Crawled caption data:
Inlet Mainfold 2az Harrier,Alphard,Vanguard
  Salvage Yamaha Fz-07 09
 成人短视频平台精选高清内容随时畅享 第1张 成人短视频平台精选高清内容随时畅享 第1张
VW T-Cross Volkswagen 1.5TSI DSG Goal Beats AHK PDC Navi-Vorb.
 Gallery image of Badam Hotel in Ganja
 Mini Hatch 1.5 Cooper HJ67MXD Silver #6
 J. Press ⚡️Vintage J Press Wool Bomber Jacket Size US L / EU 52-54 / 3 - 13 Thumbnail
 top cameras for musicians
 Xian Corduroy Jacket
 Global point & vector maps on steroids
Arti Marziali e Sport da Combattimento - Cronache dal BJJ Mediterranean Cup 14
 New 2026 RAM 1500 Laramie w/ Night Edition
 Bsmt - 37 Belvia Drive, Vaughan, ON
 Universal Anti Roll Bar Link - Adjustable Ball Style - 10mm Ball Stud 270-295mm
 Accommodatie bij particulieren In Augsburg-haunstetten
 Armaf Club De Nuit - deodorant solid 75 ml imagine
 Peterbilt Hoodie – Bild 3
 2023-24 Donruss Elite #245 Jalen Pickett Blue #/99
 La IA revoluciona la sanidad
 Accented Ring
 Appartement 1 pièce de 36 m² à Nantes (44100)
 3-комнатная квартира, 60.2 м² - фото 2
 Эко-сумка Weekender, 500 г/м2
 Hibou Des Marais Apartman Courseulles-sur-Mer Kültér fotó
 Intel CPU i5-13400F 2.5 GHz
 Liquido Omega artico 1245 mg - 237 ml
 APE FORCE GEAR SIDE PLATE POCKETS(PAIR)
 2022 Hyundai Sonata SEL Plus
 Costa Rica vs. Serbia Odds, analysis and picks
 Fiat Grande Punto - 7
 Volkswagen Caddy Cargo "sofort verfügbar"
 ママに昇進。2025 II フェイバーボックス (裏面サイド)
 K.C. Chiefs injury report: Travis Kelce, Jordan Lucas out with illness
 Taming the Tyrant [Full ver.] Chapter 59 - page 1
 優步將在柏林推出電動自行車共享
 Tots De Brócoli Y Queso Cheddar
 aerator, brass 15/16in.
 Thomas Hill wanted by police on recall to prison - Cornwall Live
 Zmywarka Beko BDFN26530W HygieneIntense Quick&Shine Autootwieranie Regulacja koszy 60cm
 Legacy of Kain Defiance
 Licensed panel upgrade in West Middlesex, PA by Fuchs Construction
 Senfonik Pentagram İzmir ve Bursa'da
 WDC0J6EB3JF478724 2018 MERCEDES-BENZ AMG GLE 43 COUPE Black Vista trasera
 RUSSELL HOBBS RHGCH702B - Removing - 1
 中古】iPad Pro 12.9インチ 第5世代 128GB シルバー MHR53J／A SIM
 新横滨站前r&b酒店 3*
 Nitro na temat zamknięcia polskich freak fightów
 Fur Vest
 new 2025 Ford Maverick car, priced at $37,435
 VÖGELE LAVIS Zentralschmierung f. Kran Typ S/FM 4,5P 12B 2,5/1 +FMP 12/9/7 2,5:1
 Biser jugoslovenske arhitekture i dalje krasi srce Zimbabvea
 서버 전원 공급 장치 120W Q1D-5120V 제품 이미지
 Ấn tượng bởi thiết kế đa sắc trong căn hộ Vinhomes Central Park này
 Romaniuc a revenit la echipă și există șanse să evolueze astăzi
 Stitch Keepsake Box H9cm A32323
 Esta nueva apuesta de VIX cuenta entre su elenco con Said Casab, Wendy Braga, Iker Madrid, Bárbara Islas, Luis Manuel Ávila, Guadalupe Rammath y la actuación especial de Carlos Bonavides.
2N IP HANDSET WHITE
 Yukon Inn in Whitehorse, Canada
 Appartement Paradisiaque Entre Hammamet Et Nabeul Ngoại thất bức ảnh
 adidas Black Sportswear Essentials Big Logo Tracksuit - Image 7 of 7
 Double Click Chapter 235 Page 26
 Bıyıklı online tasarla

PROBLEM DESCRIPTION: Give back the lines of the data exactly as they are written, from the first line through the line containing "Global point & vector maps on steroids".

SOLUTION TO THE PROBLEM:
Inlet Mainfold 2az Harrier,Alphard,Vanguard
  Salvage Yamaha Fz-07 09
 成人短视频平台精选高清内容随时畅享 第1张 成人短视频平台精选高清内容随时畅享 第1张
VW T-Cross Volkswagen 1.5TSI DSG Goal Beats AHK PDC Navi-Vorb.
 Gallery image of Badam Hotel in Ganja
 Mini Hatch 1.5 Cooper HJ67MXD Silver #6
 J. Press ⚡️Vintage J Press Wool Bomber Jacket Size US L / EU 52-54 / 3 - 13 Thumbnail
 top cameras for musicians
 Xian Corduroy Jacket
 Global point & vector maps on steroids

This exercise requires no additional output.